3つ目には、子育ての経済的・精神的負担間や子育て世帯の不公平感が存在することを指摘。経済的理由が第3子以降を持ちたいと希望することの阻害要因となっているとともに、子育ての悩みや不安を話せる人がいないなどの「孤立した育児」の状況があることや、教育費の負担の問題などを課題視した。

所得アップや将来の見通しを持てるようにする

こうした実態をふまえ、方針は、基本理念を3点に整理。第1に、「若い世代の所得を増やす」ことを掲げ、学びや就職・結婚・出産・子育てなど様々なライフイベントが重なる時期において、現在の所得アップや将来の見通しを持てるようにすることが必要だなどと述べた。

第2に、「社会全体の構造・意識を変える」ことを打ち出し、家庭で育児負担が女性に集中している「ワンオペ」の実態を変え、夫婦が相互に協力しながら子育てし、それを職場が応援し、地域全体で支援する社会をつくらなければならないと強調した。

第3の理念としては、「全てのこども・子育て世帯を切れ目なく支援する」ことをあげ、親の就業形態にかかわらず、どのような家庭状況にあっても分け隔てなく、ライフステージに沿って切れ目なく支援を行い、多様な支援ニーズにはよりきめ細かい対応をしていくことの必要性を強調した。

今後3年間で前倒し実施する加速化プランを提起

そのうえで、方針は、出生数が2000年代に入って急速に減少している点などに触れたうえで、「このままでは、2030年代に入ると、我が国の若年人口は現在の倍速で急減することになり、少子化はもはや歯止めの利かない状況になる」と強調。「2030年代に入るまでのこれからの6~7年が、少子化傾向を反転できるかどうかのラストチャンスであり、少子化対策は待ったなしの瀬戸際にある」と訴え、今後の3年間の集中取組期間で、できる限り前倒しで実施する「加速化プラン」を打ち出した。

児童手当の所得制限は撤廃する

プランに盛り込まれた具体策をみていくと、まず、ライフステージを通じた子育てにかかる経済支援の強化や若い世代の所得向上に向けた取り組みを並べている。
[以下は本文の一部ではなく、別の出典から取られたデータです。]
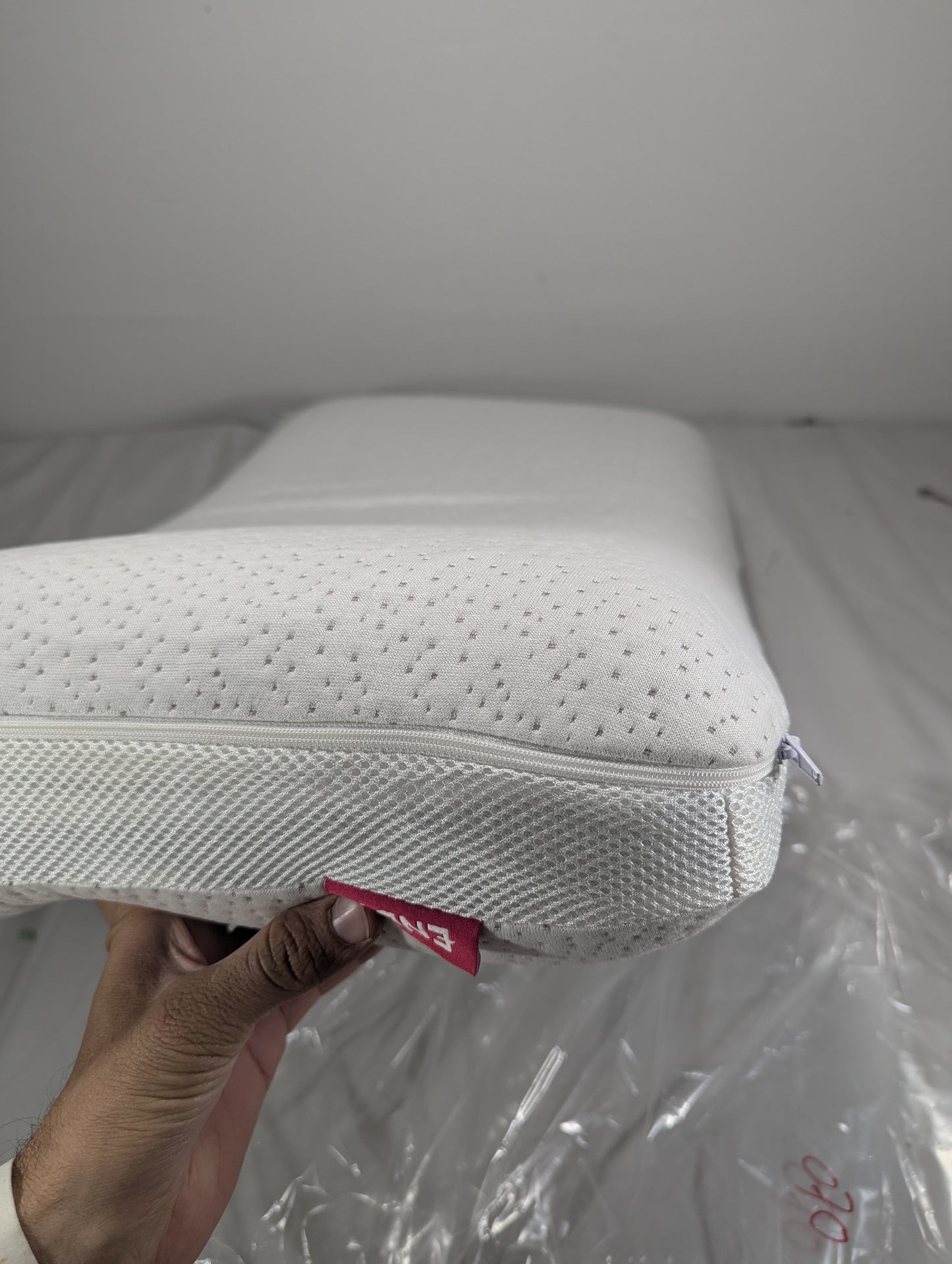 Imported Authentic Memory foam Pillow P070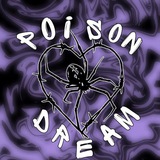 Telegram profile photo for ✨ Poison dream ✨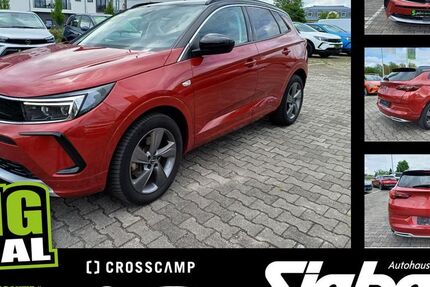 Opel Grandland (X) 53.053 km 19.490 &euro; Landshut 84034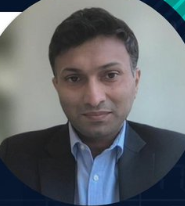 <p>Nikhil Nigania </p>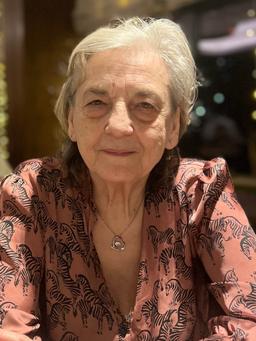 Fahira  Čizmić -dje. Hasanagić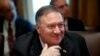លោក Pompeo នឹង​ធ្វើ​ទស្សនកិច្ច​ទៅ​កាន់​តំបន់​អាមេរិក​ឡាទីន​នៅ​ចុង​សប្ដាហ៍​នេះ
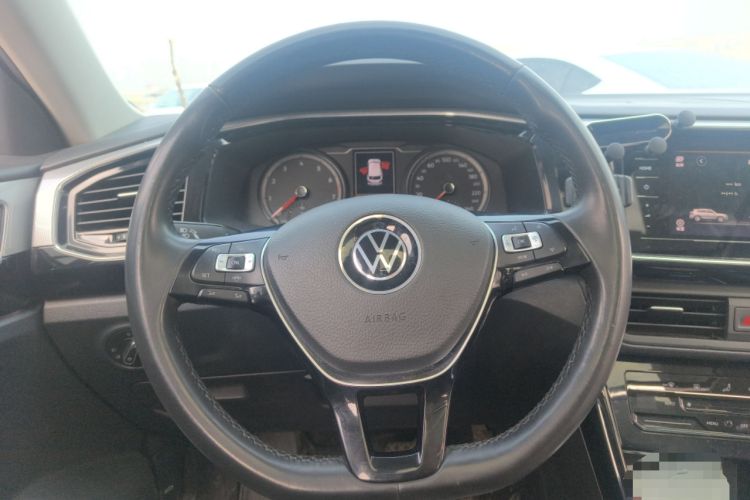 Used Volkswagen Tayron 2020 330TSI Two-Wheel Drive Luxury Smart Connectivity Version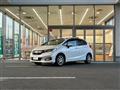 2018 Honda Fit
児童手当の所得制限を撤廃するとし、「全員を本則給付とするとともに、支給期間について高校卒業まで延長する」ことを提起。また、多子加算について、第三子以降を月3万円とするとし、2024年度中に実施できるよう検討するとした。

高等教育費の負担軽減も打ち出している。貸与型奨学金について、奨学金の返済が負担となって結婚・出産、子育てをためらわないよう、減額返還制度が利用可能となる年収上限について、325万円から400万円に引き上げることなどを講じるとしている。

リ・スキリングの訓練期間中の生活を支えるための新たな給付や融資制度の創設などを検討する。また、いわゆる「年収の壁(106万円/130万円)」への当面の対応として、被用者が新たに106万円の壁を超えても手取り収入が逆転しないよう、労働時間の延長や賃上げに取り組む企業に対し、必要な費用を補助するなどの支援強化パッケージを今年中に決定したうえで実行し、制度の見直しに取り組むなどとしている。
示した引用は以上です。